Of course cat file1 does nothing. It just gives the file back as is. Useful though concatenation is, many people rarely use it, and a lot of newbies acquire the misapprehension that cat file1 means "print file1", and by the time they see cat actually used with multiple arguments and discover the truth, the muscle memory has long set in.

Unix really does have a way to "print file1" which is <file1 - the brother of "write to file1" which is >file1. See? Perfectly logical! Of course, grep cookies <file1 | wc looks ridiculous, so even after learning this, people don't want to do it. Ditto for grep cookies file1 - yes, grep can take input not only on STDIN... And yet, why bother, when cat file1 | grep cookies | wc looks so much neater?

The problem with this so called UUOC (or "cat abuse", someone must have felt mighty clever coming up with that one) is that you run one more program. Another thing newbies don't realize is that programs in a Unix pipeline don't run one after the other - they run all at once and process input concurrently - just like a pipeline, see? So with UUOC you add an extra program, cat, to the pipeline and waste CPU cycles. But if you did <file1 the OS reads it directly from the file, so you don't waste the CPU cycles, instead you waste brain cycles trying to remember what < is and why it's pointing in the wrong direction.

How much CPU cycles? Actually very little. cat is a very efficient program. If you're doing only cat file1 to see the file, your computer is a mega-turbo-overkill for doing that, cat or not. You'll be bottlenecked by the speed of printing the characters out on your screen, not cat. If you're using it as the first step of a processing pipeline, probably all the other programs are either simple in which case it's still mega-turbo-overkill (or hey, maybe just turbo-overkill), or they're heavy, and what counts as "heavy" for a computer today is a gazillion times more than the burden of running little old cat, so it doesn't matter.

But people looove pointing out cat abuse. You gotta admit, it has a real satisfying feel to gotcha someone with that one. "What are you concatenating?" - ha ha! So often, the argument will go on to reveal more pearls of Unix wisdom:

  • "But what if you were on a tiny computer, like an SBC?" indeed, if you're running pipelines on puny little micro-computers, mayhaps the humble cat will trip you up (aaah... 🐈).
  • "But what if the file was huge, and you needed to do seeks in it?" indeed, some programs like less are zippy and can skip right to line 813,745,714 of that mammoth file, without first going through the eight hundred thirteen million seven hundred forty five thousand seven hundred thirteen preceding lines. How clever! The next time you use less to get the one line from the middle of your 5 petabyte diary, watch out for that dastardly cat 😼.
  • There are surely many others - mine own beard is but a few fingers' length, so surely there are wiser heads with greyer growths than me that see further and deeper.
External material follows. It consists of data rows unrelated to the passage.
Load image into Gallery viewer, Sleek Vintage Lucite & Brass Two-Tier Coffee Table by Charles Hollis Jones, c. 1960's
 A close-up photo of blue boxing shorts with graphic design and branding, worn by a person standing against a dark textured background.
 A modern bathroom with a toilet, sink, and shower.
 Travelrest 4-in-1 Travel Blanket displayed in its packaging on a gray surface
But, probably you encountered this while asking for help on a forum. You posted some logs to show where the problem is. And you thought you'd be extra helpful and include your command, so they can tell exactly where you're getting the 1 MB log and what trivial filtering you're insulting your 16-core gigahertz processor's intelligence with. "They can reproduce it on their own machine that way!"

I choose to look past the semantics in such things, and examine the pragmatics. Is the helpful user really trying to micromanage your simple, lazy log read? Are they really trying to save you that 5 bytes of memory? Well, probably not. I mean, you think what, he's stupid? He knows it doesn't matter! He's trying to communicate something to you. Namely, that he is not stupid, but sharper, more keen of eye, more discerning of the smallest ripple on the boundless Ocean that is the modern Unix system. Recognize the mastery of this o-sensei and bask in his brilliance!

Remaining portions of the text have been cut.